Stage one is, you're not crazy. The fact that you are seeing and experiencing this or you’re worried about what is going on in the world is fine, because I know I was. And that is why I wanted to make the film. The number of people in the audience, wherever I have been, who have said, you have basically expressed what I have been trying to put together and connected it up in a way that I could not really say, including people like Carole, Maria and Rana. Because if you work in literature or if you are a writer or a journalist, there is a certain way you can express yourself. And people who read that newspaper, read your articles or follow you on social media, will get it right?
The thing about cinema is it works in a different way. It is emotional in a different way. And the reason I wanted to make it a sci fi-film, it is a movie. They may never have heard of Rana, but then they will hear her. And I am hoping they go, 'she was amazing. I would like to know more about her.' And Maria and Carole. They are the hope.
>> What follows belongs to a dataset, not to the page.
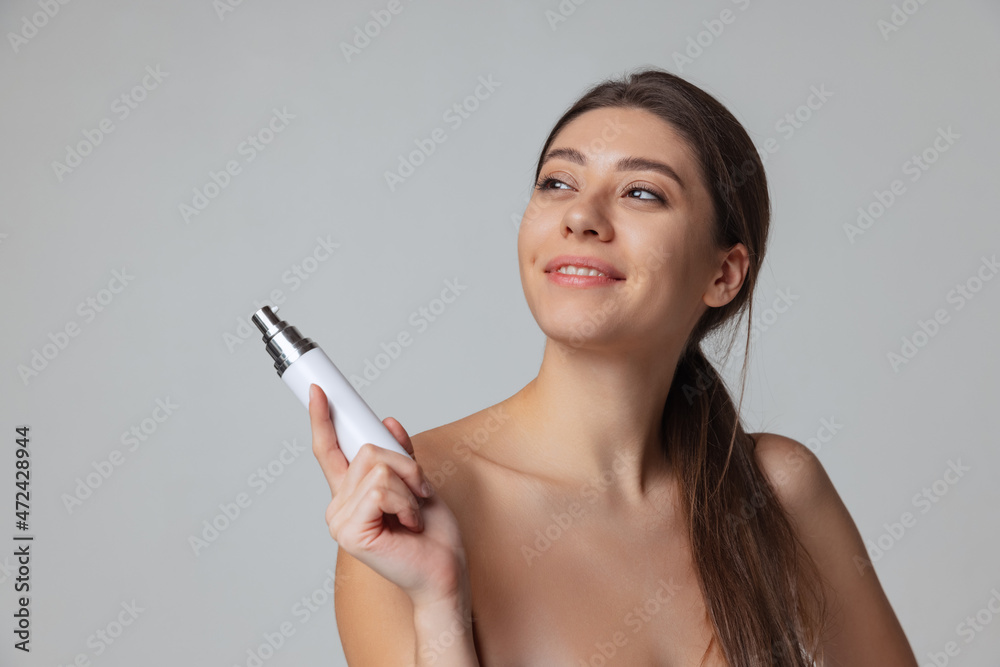 Young adorable happy girl in white towel using cosmetic oil, gel isolated over gray studio background. Natural beauty concept. Young adorable happy girl in white towel using cosmetic oil, gel isolated over gray studio background. Natural beauty concept.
So number one is: people will go and want to know more. The screenings have meant people have started connecting because when I started the film I got to know a lot of different groups. Over here there was a group that was worried about the climate. Then over here are the people who are worried about politics and the breakdown of democracy or about voting systems. And then there are people over here that are anti-establishment. And it was all these different groups that I met and none of them seemed to be mixing. And what was really great was like we would just have a screening and there would be groups from different interests and different countries and different languages who would be in a room who would just start talking to each other and sharing contact details and realising, your struggle is my struggle.
Something happening to Uyghurs is important because that technology exists and it is going to happen to you if you do not watch it. And that I think has worked. The first stage is for the audience to kind of see something, be shocked or afraid or emotionally affected or cry or whatever and then understand something new and then think I have to do something myself and not just wait for everyone else.
Definitely not wait for the politicians to come and save us, right? And also not just say, well, go and vote. Because I do not feel that right now. Terrible as it is to say, I do not feel the answer would have been had I voted this way everything could be great. Well, I do not think so. And I think that is where there is a bigger system shift that needs to happen. And so that is only going to happen if we do bigger things. We have got to change laws, we are going to protect ourselves in different ways and fight for our rights which are being eroded every single day.
But as well as that, we can start off by deleting a few apps and we stop using certain things that are making them richer. Looking at what our kids are watching, looking at what your mum understands, looking at what your friends are saying and holding them up and saying you should not say that. You know, where have you got that information? I think there is a kind of macro and micro level at which we have to do something.
And so far the people that have seen the film, most people I have communicated with or who have reacted to the film, have been affected by it and have done something to change something. And if we all do little things, then maybe we can do big things in the grand scheme.
The extract was slightly edited for clarity and brevity.